Oil prices rebounded slightly on Wednesday after a steep fall in the previous session as OPEC and its allies’ decision to extend output cuts was not enough to counter investors’ concerns about the slowing global economy.
Prices were supported by widely-watched data showing a larger-than-expected drawdown in U.S. crude oil inventories, with government data due later in the day.
U.S. crude futures for August were up 47 cents at $56.72 a barrel. Both benchmarks fell more than 4% on Tuesday as worries about a slowing global economy.
Brent crude futures for September delivery were trading up 64 cents at $63.04 a barrel by 1136 GMT.
The Organization of the Petroleum Exporting Countries and other producers such as Russia, a group known as OPEC+, agreed on Tuesday to extend oil supply cuts until March 2020 as members overcame differences to try to prop up prices.

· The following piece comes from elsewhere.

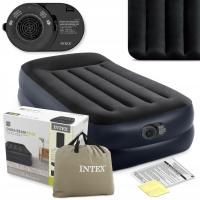 Одноместный надувной матрас кровать с насосом 230V Intex 64122ND модель 2025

“We had a pretty sharp correction yesterday so after that, a little rebound is expected. Globally, the market is concerned about oil demand growth potential,” Olivier Jakob of Petromatrix consultancy said.
“Extending the cut by six or nine months, it doesn’t really matter if the level stays the same. If you (OPEC) really wanted to target stock levels, you would need deeper cuts but Saudi Arabia has already gone beyond its cut target.”
Ahead of government data due later on Wednesday, industry group the American Petroleum Institute (API) said that U.S. crude inventories fell by 5 million barrels last week, more than the expected decrease of 3 million barrels.
The OPEC+ agreement to extend oil output cuts for nine months should draw down oil inventories in the second half of this year, boosting oil prices, analysts from Citi Research said in a note.
“Keeping cuts through the end of 1Q aims to avoid putting oil into the market during a seasonal low for demand and refinery runs,” they said.
Still, signs of a global economic slowdown hitting oil demand growth worried investors after global manufacturing indicators disappointed and the United States opened another trade front after threatening the EU with more tariffs.
Barclays expects demand to grow at its slowest pace since 2011, gaining less than 1 million barrels per day year-on-year this year.
Morgan Stanley, meanwhile, lowered its long-term Brent price forecast on Tuesday to $60 per barrel from $65 per barrel, and said the oil market is broadly balanced in 2019.
Crude prices were also capped by signs of a recovery in oil exports from Venezuela in June and growth in oil production in Argentina in May.